### Task objective
Reproduction of part of the material below, pictures omitted: copy exactly, and only, the lines starting with the one with "Car charger and" and going on through the one with "Cycling Heartbeat Shirt".

### Record set
────────────────
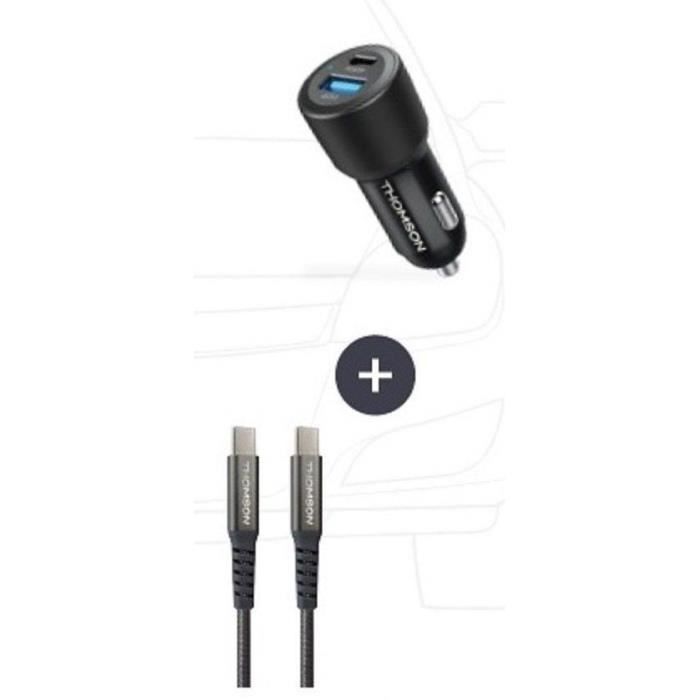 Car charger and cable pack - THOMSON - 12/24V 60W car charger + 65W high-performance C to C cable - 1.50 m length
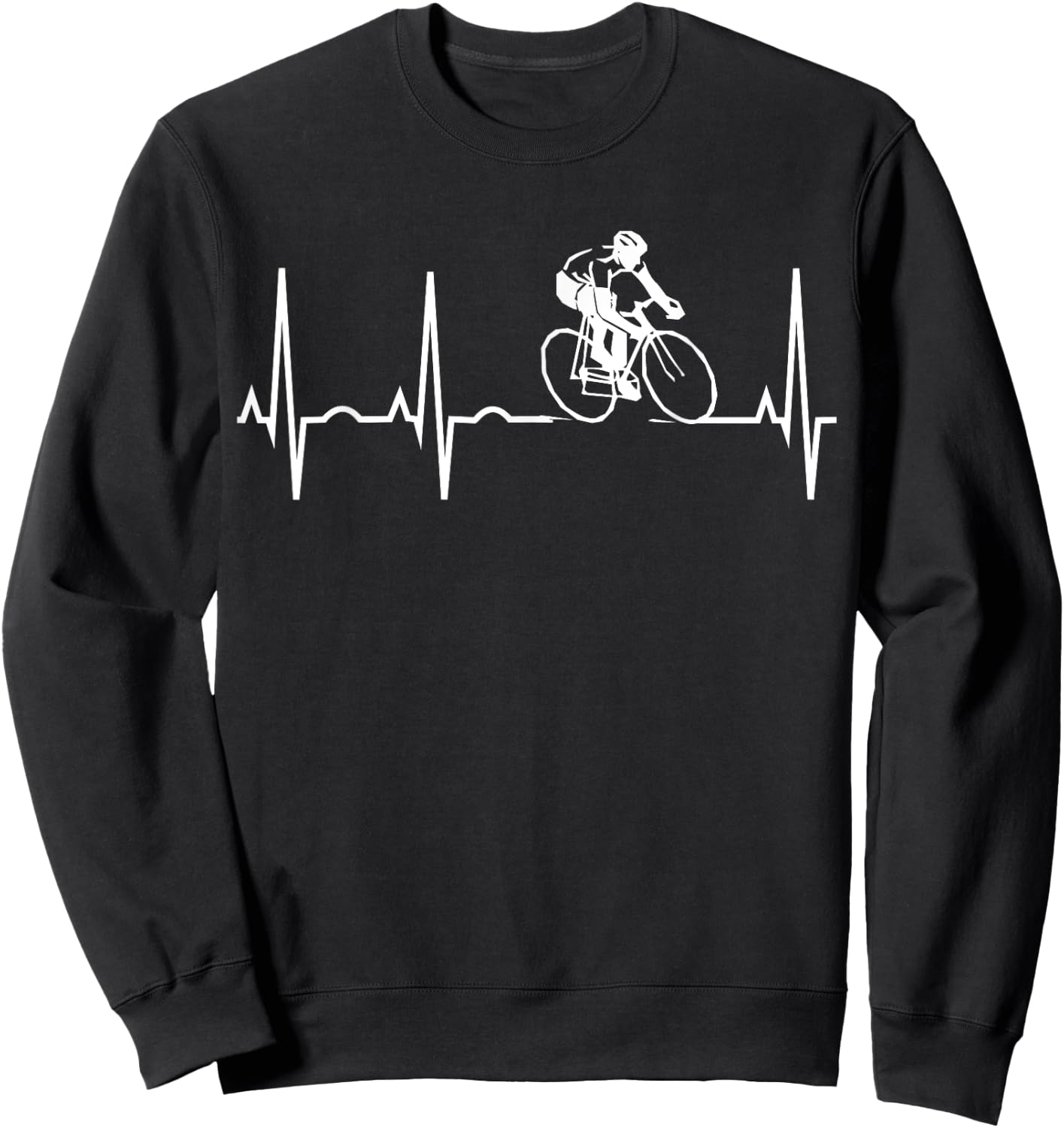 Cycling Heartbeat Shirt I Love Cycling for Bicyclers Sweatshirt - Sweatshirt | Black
────────────────
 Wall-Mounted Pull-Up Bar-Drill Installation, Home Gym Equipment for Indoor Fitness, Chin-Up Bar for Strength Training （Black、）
────────────────
### Written solution
 Car charger and cable pack - THOMSON - 12/24V 60W car charger + 65W high-performance C to C cable - 1.50 m length
 Cycling Heartbeat Shirt I Love Cycling for Bicyclers Sweatshirt - Sweatshirt | Black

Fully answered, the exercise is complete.